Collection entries
##############################

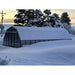Grandio Summit Greenhouse Snow-covered  in the background during sunset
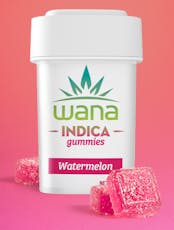 Wana Classics Gummies Watermelon Indica - 100mg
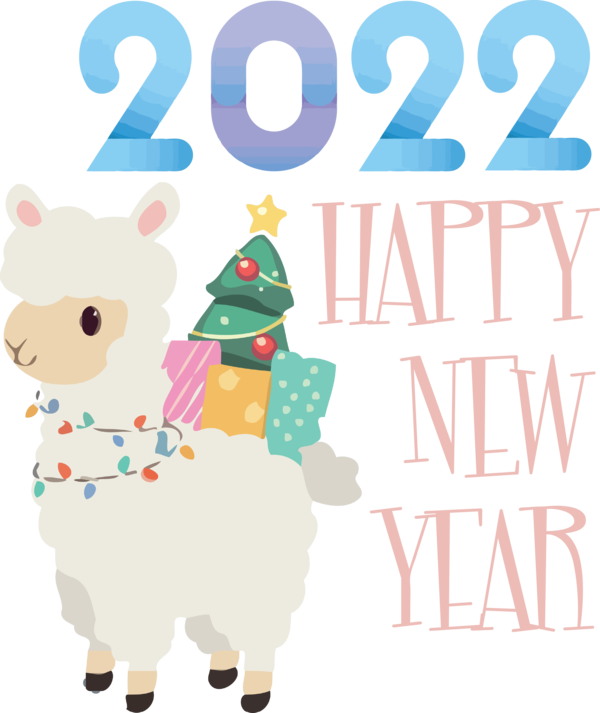 Transparent New Year Design Christmas Day Christmas decoration for Happy New Year 2022 for New Year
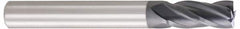 OSG - 1/2", 1" LOC, 1/2" Shank Diam, 3" OAL, 4 Flute, Solid Carbide Square End Mill - Single End, WXL Finish, Spiral Flute, 30° Helix, Centercutting, Right Hand Cut, Right Hand Flute, Series 3604 - Americas Industrial Supply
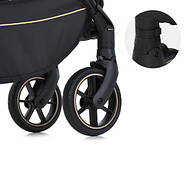 Коляска дитяча ME 1113-2 FIJI Black Matt, фото 10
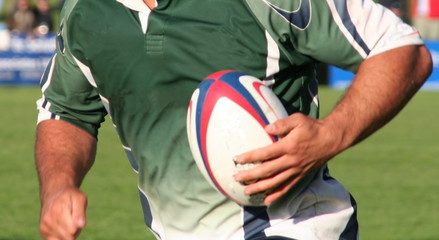 Sticker - rugby union action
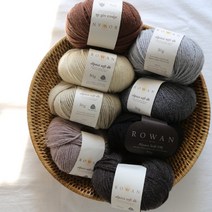로완 알파카소프트 DK (Rowan alpaca soft DK) 로완실 영국수입실 부드러운실 알파카실 손뜨개실, 204 클래식브라운(진브라운)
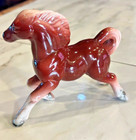  Vintage Horse Figurine Porcelain Japan By Wales Brown Orange White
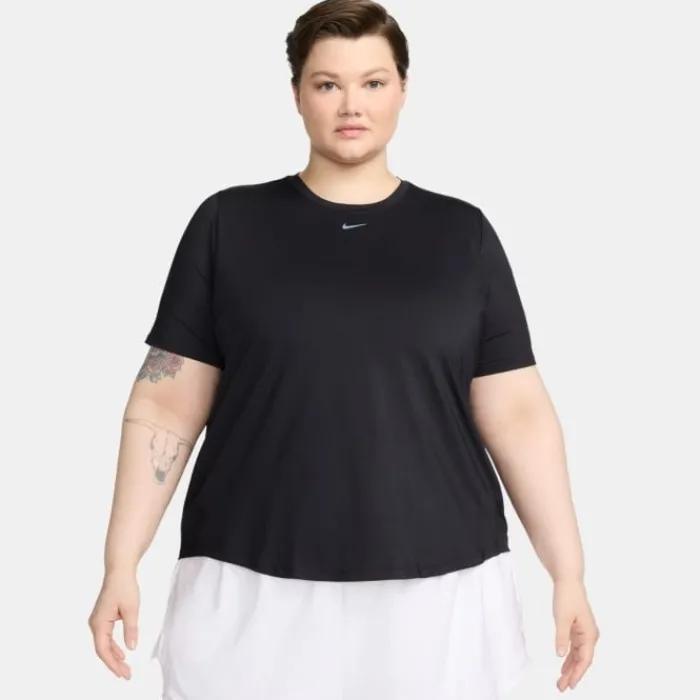 Nike T-shirt Et Manches Longues Running^Dri-Fit One Classic SS Top (Plus Size) Noir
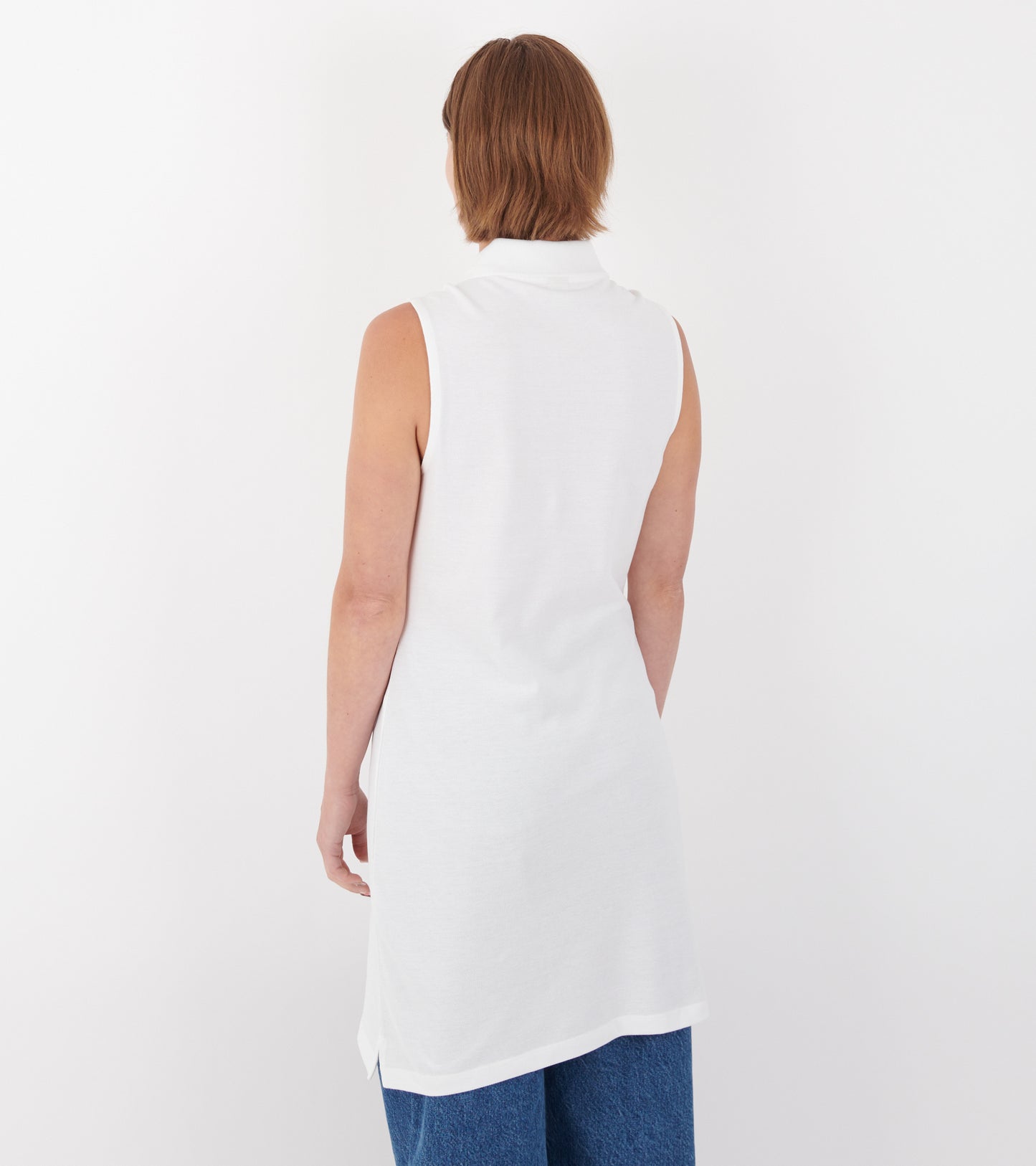 Lauren Polo Dress White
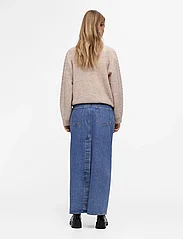 Object - OBJTHYLANE LONG DENIM SKIRT 131 DIV - jeansowe spódnice - medium blue denim - 3
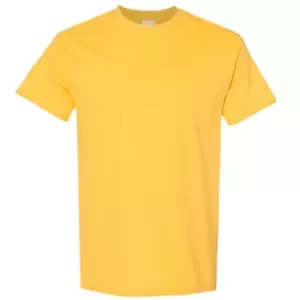 image of Gildan Mens Heavy Cotton Short Sleeve T-Shirt (M) (Daisy)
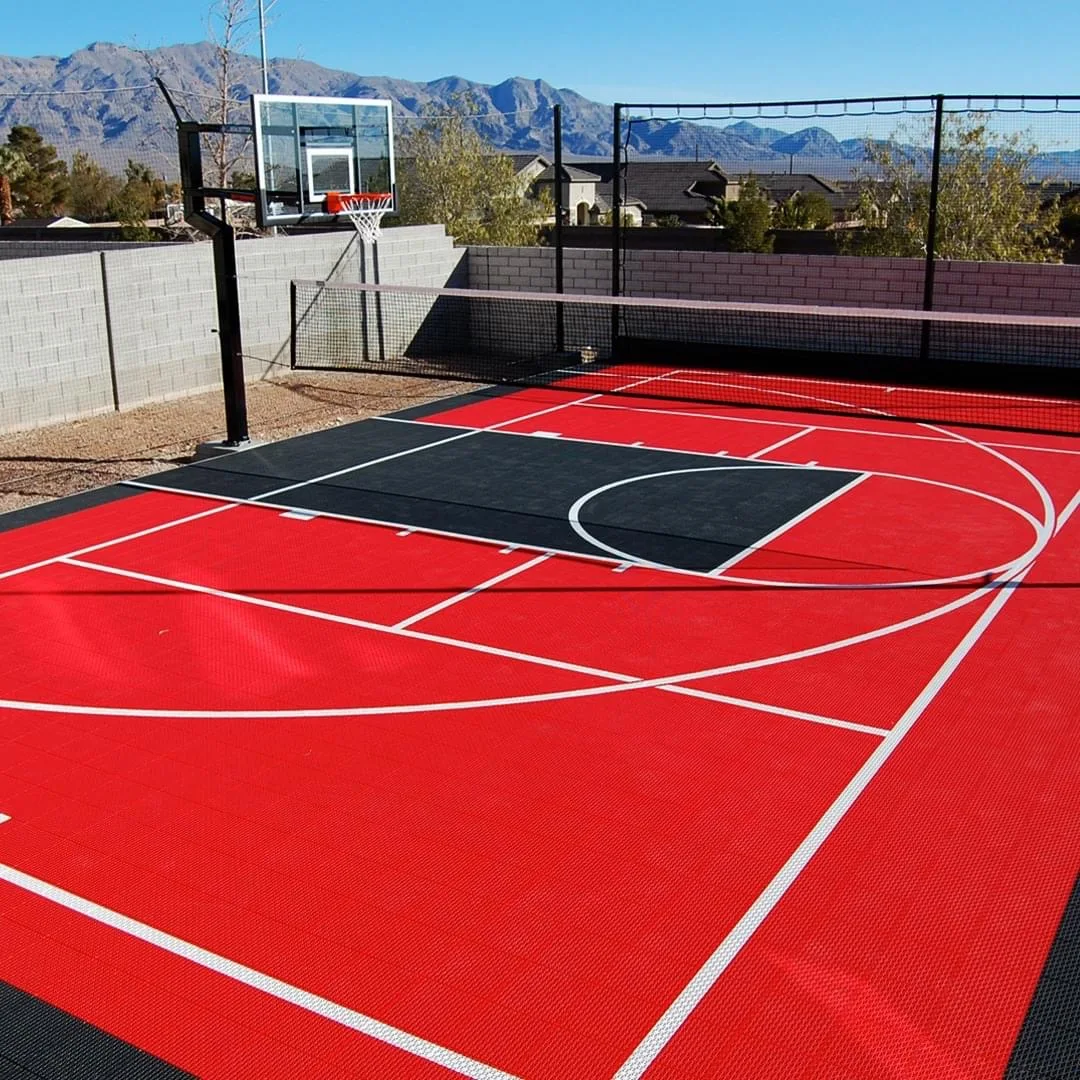 

Multi-functional plastic flooring tiles for basketball court/volleyball/tennis sport court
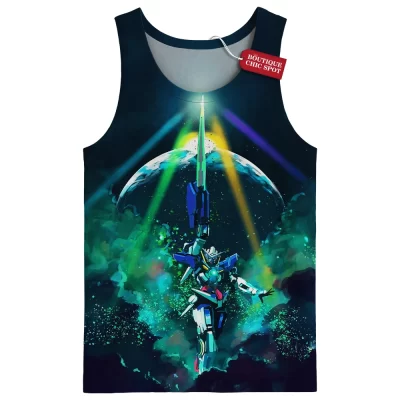 Mobile Suit Gundam Tank Top, Sword of the Universe Tank Top, Anime Tank Top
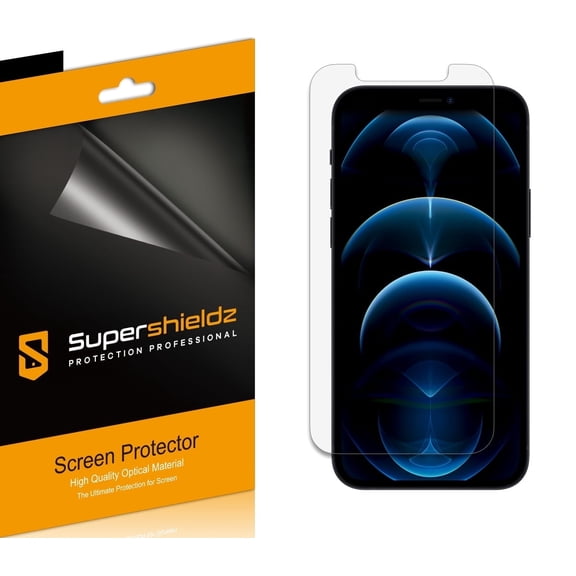 Supershieldz Designed for Apple iPhone 12 / iPhone 12 Pro (6.1 inch) Screen Protector, High Definition Clear Shield (PET) (6 Pack)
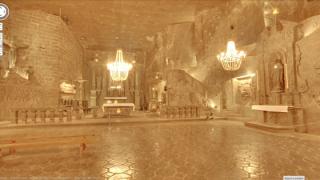 Влезте в 800-годишна солна мина с Google Street View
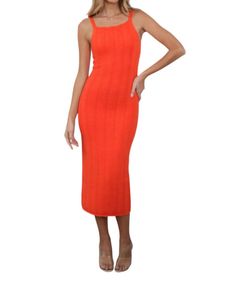 Style 1-2123411322-74 Amanda Uprichard Orange Size 4 1-2123411322-74 Tall Height Spandex Cocktail Dress on Queenly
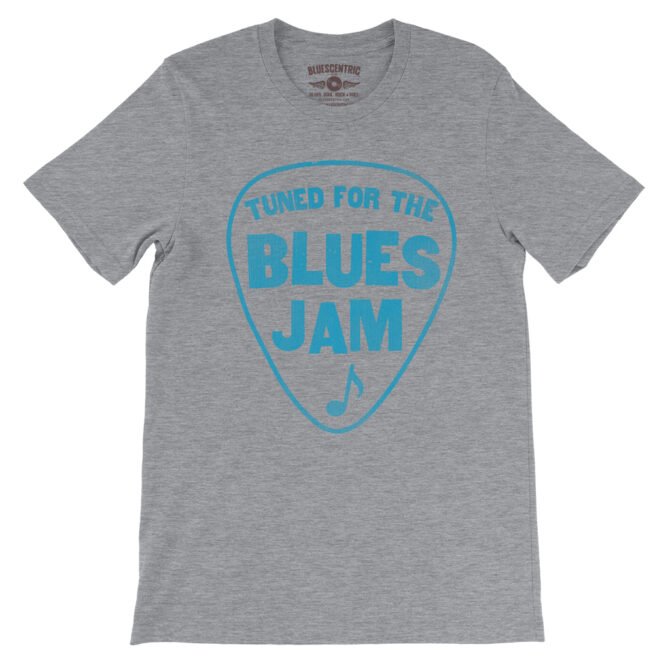 Tuned for the Blues Jam T-Shirt - Lightweight Vintage Style - Athletic Heather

##############################

What this task involves —
Would you write out all of the data exactly as it stands, without the pictures?

Exercise result —
Grandio Summit Greenhouse Snow-covered  in the background during sunset
 Wana Classics Gummies Watermelon Indica - 100mg
 Transparent New Year Design Christmas Day Christmas decoration for Happy New Year 2022 for New Year
 OSG - 1/2", 1" LOC, 1/2" Shank Diam, 3" OAL, 4 Flute, Solid Carbide Square End Mill - Single End, WXL Finish, Spiral Flute, 30° Helix, Centercutting, Right Hand Cut, Right Hand Flute, Series 3604 - Americas Industrial Supply
 Коляска дитяча ME 1113-2 FIJI Black Matt, фото 10
 Sticker - rugby union action
로완 알파카소프트 DK (Rowan alpaca soft DK) 로완실 영국수입실 부드러운실 알파카실 손뜨개실, 204 클래식브라운(진브라운)
  Vintage Horse Figurine Porcelain Japan By Wales Brown Orange White
 Nike T-shirt Et Manches Longues Running^Dri-Fit One Classic SS Top (Plus Size) Noir
 Lauren Polo Dress White
 Object - OBJTHYLANE LONG DENIM SKIRT 131 DIV - jeansowe spódnice - medium blue denim - 3
 image of Gildan Mens Heavy Cotton Short Sleeve T-Shirt (M) (Daisy)

Multi-functional plastic flooring tiles for basketball court/volleyball/tennis sport court
 Mobile Suit Gundam Tank Top, Sword of the Universe Tank Top, Anime Tank Top
 Supershieldz Designed for Apple iPhone 12 / iPhone 12 Pro (6.1 inch) Screen Protector, High Definition Clear Shield (PET) (6 Pack)
 Влезте в 800-годишна солна мина с Google Street View
 Style 1-2123411322-74 Amanda Uprichard Orange Size 4 1-2123411322-74 Tall Height Spandex Cocktail Dress on Queenly
 Tuned for the Blues Jam T-Shirt - Lightweight Vintage Style - Athletic Heather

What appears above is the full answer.